POST
v1
/
replicate
/
musicgeneration
curl --request POST \
  --url http://localhost:9000/api/v1/replicate/musicgeneration \
  --header 'Authorization: Bearer <token>' \
  --header 'Content-Type: multipart/form-data' \
  --form 'prompt=<string>' \
  --form 'model_version=<string>' \
  --form duration=123 \
  --form continuation=true \
  --form continuation_start=123 \
  --form continuation_end=123 \
  --form multi_band_diffusion=true \
  --form 'normalization_strategy=<string>' \
  --form top_k=123 \
  --form top_p=123 \
  --form temperature=123 \
  --form classifier_free_guidance=123 \
  --form 'output_format=<string>'

Query

model
string
default:
"meta/musicgen"
required

The model to be used;

Body

prompt
string
required

A description of the music you want to generate.

model_version
string
default:
"stereo-melody-large"

Model to use for generation

input_audio
file

An audio file that will influence the generated music.

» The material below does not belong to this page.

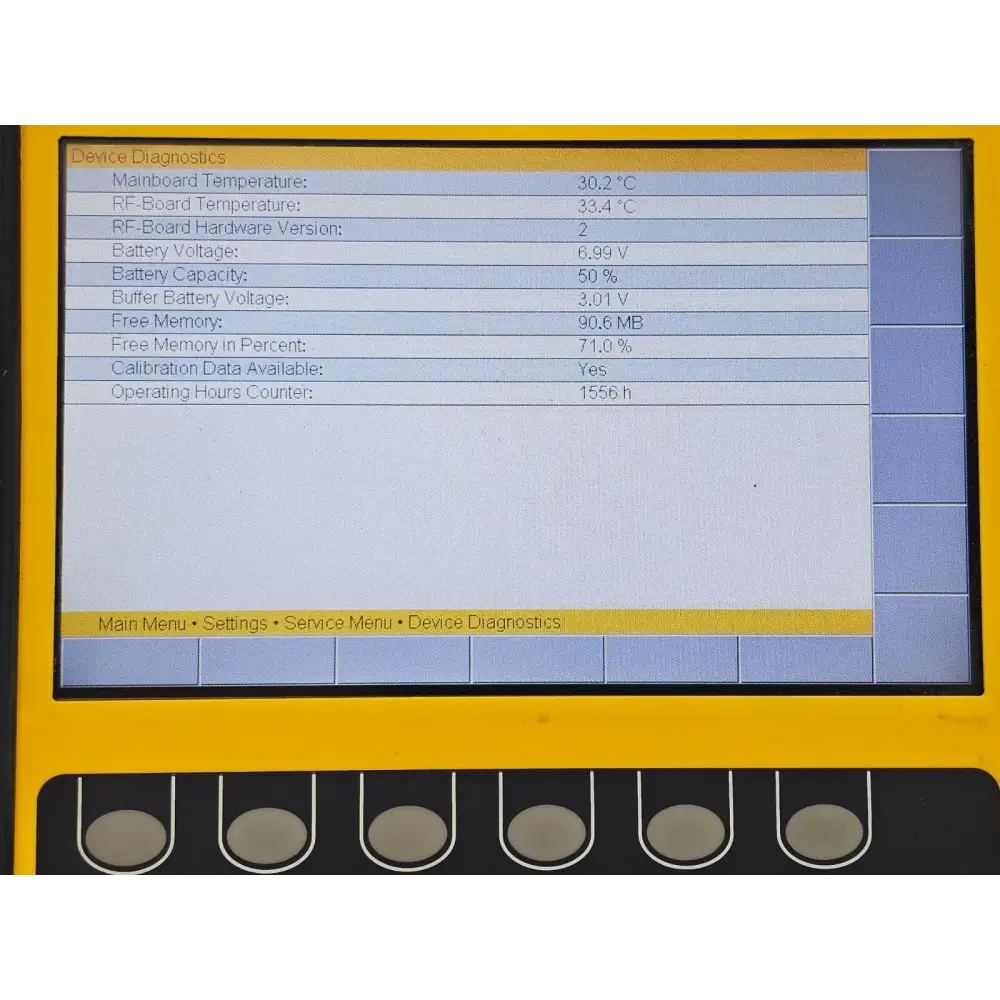 Narda SRM-3006 Selective Radiation Meter displaying Spectrum Analysis mode on screen
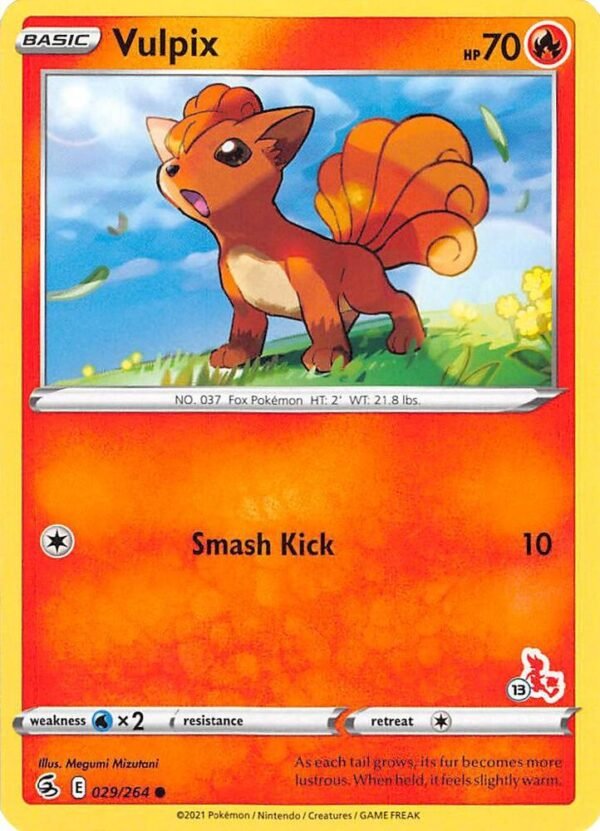 Vulpix 029/264 (#13 Cinderace Stamped) Normal Battle Academy 2022 Vulpix 029/264 (#13 Cinderace Stamped) Normal Battle Academy 2022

If continuation is True, the generated music will be a continuation of the audio file. Otherwise, the generated music will mimic the audio file’s melody.

duration
int
default:
"8"

Duration of the generated audio in seconds.

continuation
bool
default:
"False"

If True, generated music will continue from input_audio. Otherwise, generated music will mimic input_audio’s melody.

continuation_start
int
default:
"0"

Start time of the audio file to use for continuation.

continuation_end
int
default:
"0"

End time of the audio file to use for continuation. If -1 or None, will default to the end of the audio clip.

multi_band_diffusion
boolean
default:
"False"

If True, the EnCodec tokens will be decoded with MultiBand Diffusion. Only works with non-stereo models.

normalization_strategy
string
default:
"peak"

Strategy for normalizing audio.

top_k
int
default:
"250"

Reduces sampling to the k most likely tokens.

top_p
float
default:
"0.0"

Reduces sampling to tokens with cumulative probability of p. When set to 0 (default), top_k sampling is used.

temperature
float
default:
"1.0"

Controls the ‘conservativeness’ of the sampling process. Higher temperature means more diversity.

classifier_free_guidance
int
default:
"3"

Increases the influence of inputs on the output. Higher values produce lower-varience outputs that adhere more closely to inputs.

output_format
string
default:
"mp3"

Output format for generated audio.